Below is the basic process I used to connect to CESGA via SSH after the VPN was successfully established.

In [None]:
%%bash
sudo ./snx -s pasarela.cesga.es -u uscfphpb
ssh uscfphpb@ft.cesga.es

Once connected to CESGA facilites, I started polishing the data I had at my disposal. To create a comprehensive dataset, I had to merge multiple files containing hour-by-hour data from a meteorological model alongside observational data collected from various weather stations. Each file represented a different time period or data source, so careful alignment was required to synchronize timestamps and ensure consistency. 

In [None]:
%%bash
cd GitHub/dataset/
tar -xvzf estaciones.tar.gz
tar -xvzf wrfout.tar.gz

2008 to 2025 .csv files contain hour-by-hour observational data from different stations across Galicia whereas wrfout files contain predictions made by the WRF (Weather Research and Forecasting Model) sorted by hour as well.

In [None]:
import glob
import pandas as pd

csv_files = sorted(glob.glob("GitHub/dataset/20*.csv"))

df_combined = pd.concat([pd.read_csv(file) for file in csv_files], ignore_index=True)
df_combined.to_csv('Observational_data.csv', index=False)

In [None]:
import glob
import pandas as pd 
from datetime import datetime, timedelta
import os

csv_files = sorted(glob.glob("GitHub/dataset/wrfout*.csv"))
all_data = []

for file in csv_files:
    # Extract date from filename
    date_str = os.path.basename(file).split('_')[2]  # 'YYYYMMDD' format
    base_datetime = datetime.strptime(date_str, "%Y%m%d")
    
    df = pd.read_csv(file)
    
    # Add hour sequence and datetime column
    df['hour'] = list(range(24)) * (len(df) // 24)
    df['datetime'] = df['hour'].apply(lambda h: base_datetime + timedelta(hours=h))
    
    df.drop(columns='hour', inplace=True)
    all_data.append(df)

# Combine all files
merged_df = pd.concat(all_data, ignore_index=True)
# Save to CSV
merged_df.to_csv("WRF.csv", index=False)

In [None]:
import pandas as pd

obs = pd.read_csv('Observational_data.csv')
obs['datetime'] = obs['fecha'] ; obs['id'] = obs['estacion']

wrf = pd.read_csv('WRF.csv')
wrf['datetime'] = wrf['Time']; wrf['id'] = wrf['estacion'] 

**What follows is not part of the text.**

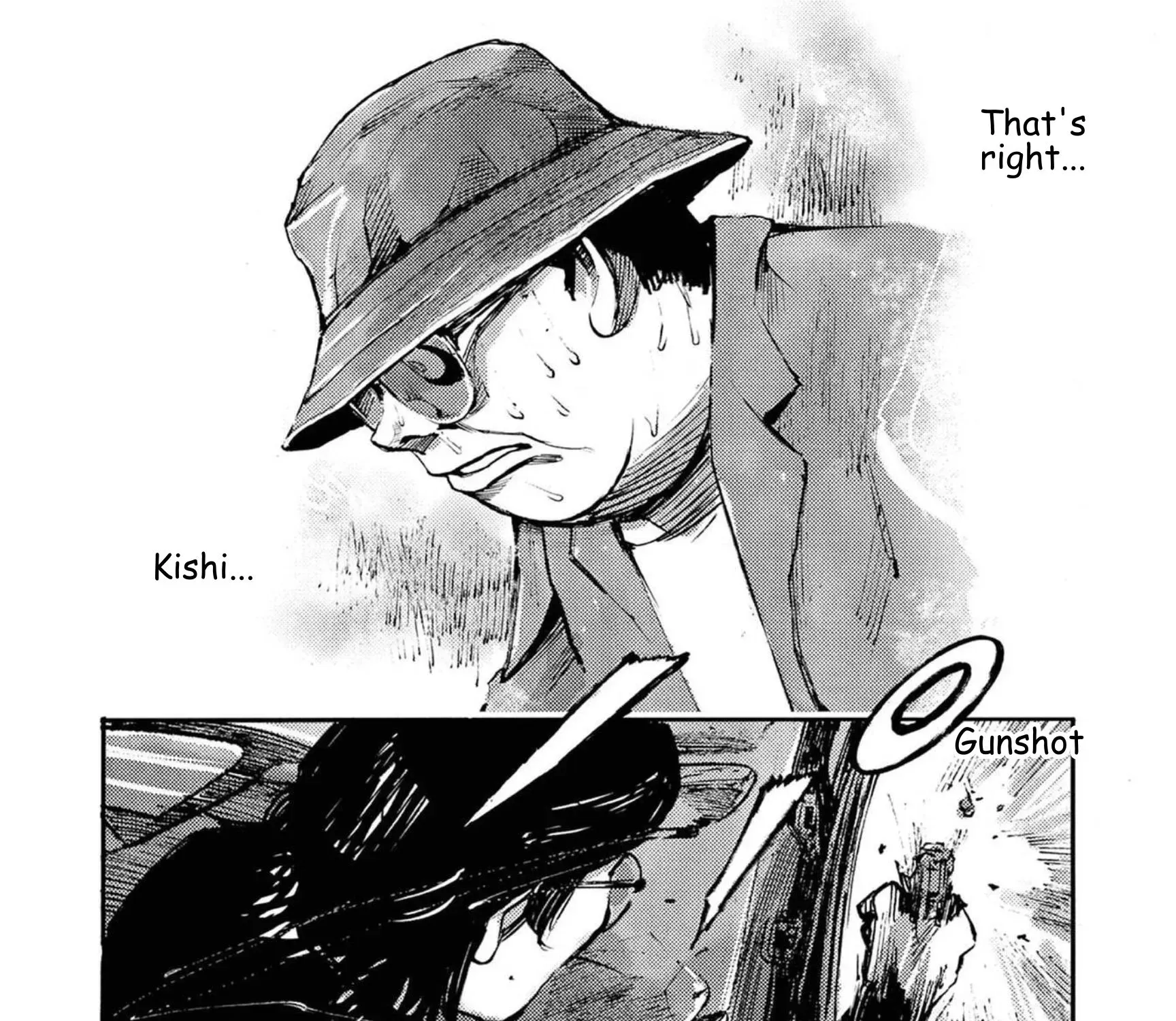 Read JUMBO MAX ~Hyper ED Illicit Drugmaker~ chapter 132 image 26 on Lezhin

# Perform the merge on both keys
merged = pd.merge(wrf, obs[['TA','id','datetime']], on=["id", "datetime"], how="inner")
merged.to_csv("DATA.csv", index=False)

## Additional variables

The available data was sufficient to begin developing a model capable of forecasting temperature. However, we identified several missing parameters that could significantly impact the model’s accuracy and decided they were worth adding to our initial dataset. One of these was the percentage of sea surrounding a given location. Although Galicia is not a large region, its weather varies considerably from place to place, which makes our task more challenging. The Atlantic Ocean acts as a thermal reservoir, helping to stabilize coastal temperatures, but its influence decreases as we move inland. We believed that including a parameter representing the sea percentage around each point could noticeably improve the model’s accuracy.

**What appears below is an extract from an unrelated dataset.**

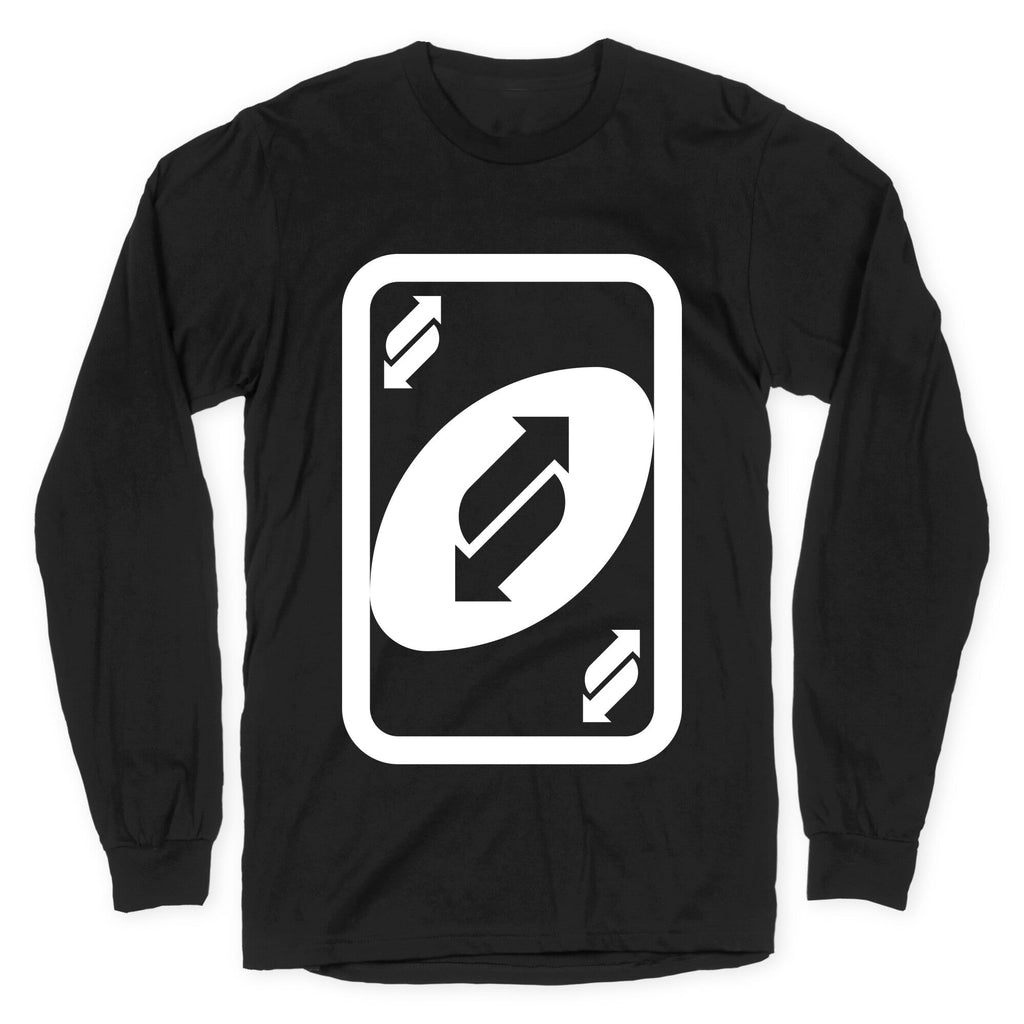 Uno Halloween Costume Longsleeve Tee Unisex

In addition to this, we decided to incorporate the latitude and longitude of each location, as well as two variables to represent the hour of the day and the day of the year. Because daily and yearly weather patterns follow periodic cycles, simply providing the model with a numeric hour (e.g., 00:00 to 23:00) or day of the year (1 to 365) would not effectively capture this cyclical nature. To address this, we included two periodic functions: one with a period of 24 hours and another with a period of 365 days, allowing the values to return smoothly to their starting point after a full day or year. This is a common and effective practice in meteorological modeling.